The Maldivian Language
Dhivehi, as it is called according to the Male Latin spelling, is an Indo Aryan language which is spoken by
almost 90% of the population in the Republic of the Maldives (approx. 350,000 people). Dhivehi Bas can be literaly translated to "Maldivian language".
As with other languages, Dhivehi is spoken in many dialects depending on the region. The major dialects spoken within the Republic of the Maldives are Malé, Huvadhu, Mulaku, Addu, Haddhunmathee, and Maliku.
Dhivehi originated from the acient and medieval Indian language "Maharastri Prakrit" which was spoken for about 1400 years between 500 BC to 875 AD throughout india. Over the centuries other languages have influenced Dhivehi. Among them are Arabic, French, Persian, Portuguese, Hindi-Urdu, and English.
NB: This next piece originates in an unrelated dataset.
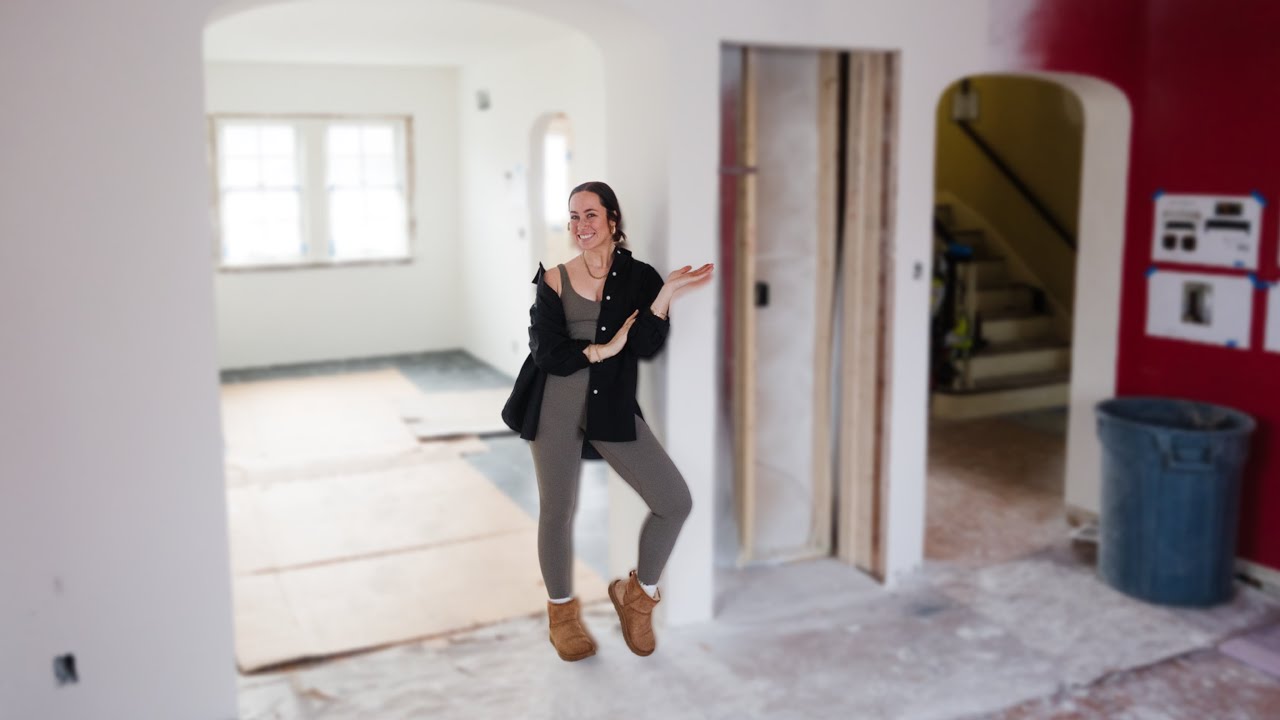 VLOG | Tour of Our Next House, Office Days, + New Bedding Haul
Yet the influence went both ways as the English words "atoll" (ring-like structure of reefs or islands) and "dhoni" (small multi-purpose sail boat) are lent and anglicised from the the Maldivian words "atoḷu" and "dōni".
- ISO 639-1 dv
- ISO 639-2 div
- ISO 639-3 div
Record of the Maldivian language
Dhivehi can be dated back to the 7th or 8th century based on coral stone carvings found in the Maldives. Later inscriptions
include copper plates which hold orders and grants authored by the Maldivian sultans dated to the 12th or 13th century.
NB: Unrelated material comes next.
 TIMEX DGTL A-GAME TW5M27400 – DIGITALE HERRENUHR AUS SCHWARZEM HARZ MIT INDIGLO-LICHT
The edicts written on the copper plates deal with the country's conversion to Islam, which was spread among the islands in the following centuries. From the 16th century onwards Dhivehi is written in the "Thaana" script. "Thaana" is read and written from right to left like Arabic.
Differences in speaking and writing
Dhivehi as other asian languages shows major differences between the spoken and the written language. Every language which
employs idioms shows this effect, yet to a lesser degree.
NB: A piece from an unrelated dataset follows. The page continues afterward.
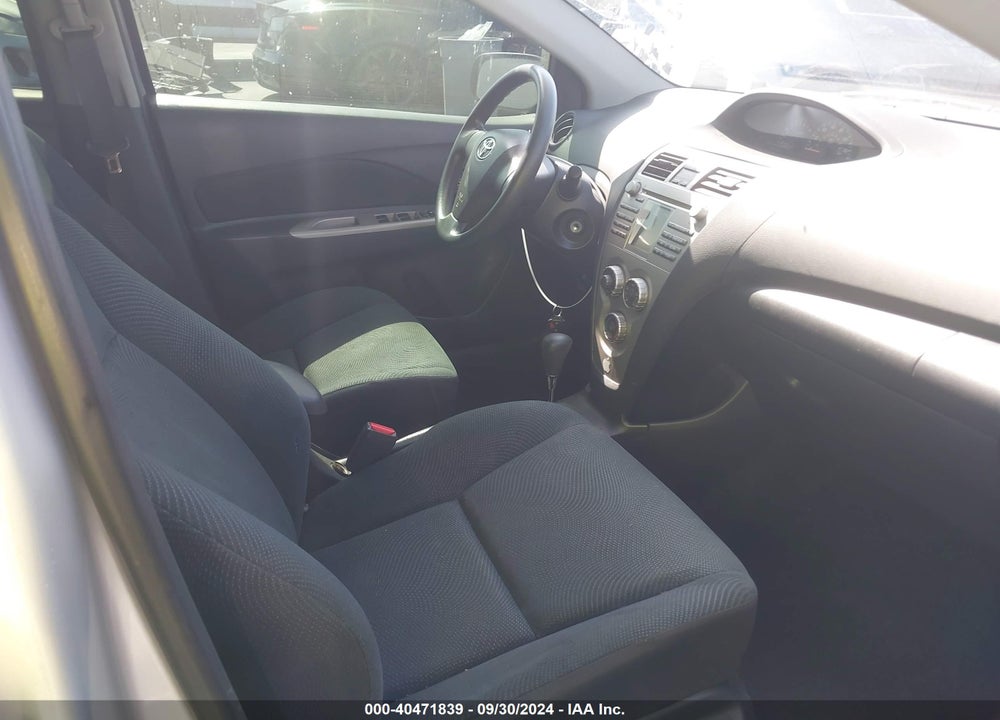 2010 TOYOTA YARIS VIN: JTDBT4K35A4073020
The Maldivian language in its spoken form utilises twentyseven consonants, whereas the written form also uses additional arabic sounds. Due to its grammatic rules a strict word order is obligtory in the written form which can be abandoned when speaking Dhivehi.
Only two of the dialects, Malé Bas and Maliku Bas, show differences in the written language.
in every direction...
Since about twothousand years Dhivehi has had an own script. In its early times it has been used by monks who
translated and copied Buddhist scriptures. It used to be written from left to right in a script called "Dhives Akuru"
which means "Dhivehi letters". This script has been used in some official correspondence until the early 20th century
but the last native user died in the 1990s.
Following the introduction of islam into the Maldives a new script has been introduced. The use has spread throughout the country over time but the 16th century marks the time period where "Thaana" was widely used among the population and in the local administration. The script lends letters from the arabic and indic characters.
English has also been introduced into the country and its use is widespread. The roman letters were also accepted by the locals and so it is no surprise that Dhivehi can also be written using latin characters.
Yet another script for Dhivehi
In the 1970s, following the introduction of the first Telex machines by the Maldivian government, the need arose
to express the local language in latin letters as the "Thaana" script was deemed non-compatible with the Telex machines.
In 1976 an official transliteration, Dhivehi Latin, was approved by the government and quickly spread among the atolls.
In the following two years the latin transliteration has been found to be inconsistent with previous research about Dhivehi with the Standard Indic transliteration used as sample case. In 1978 following the inauguration of president Maumoon the "Thaana" script was reinstalled causing widespread relief, especially in rural areas. Though the latin transcript was abandoned in the official usage it remains widespread.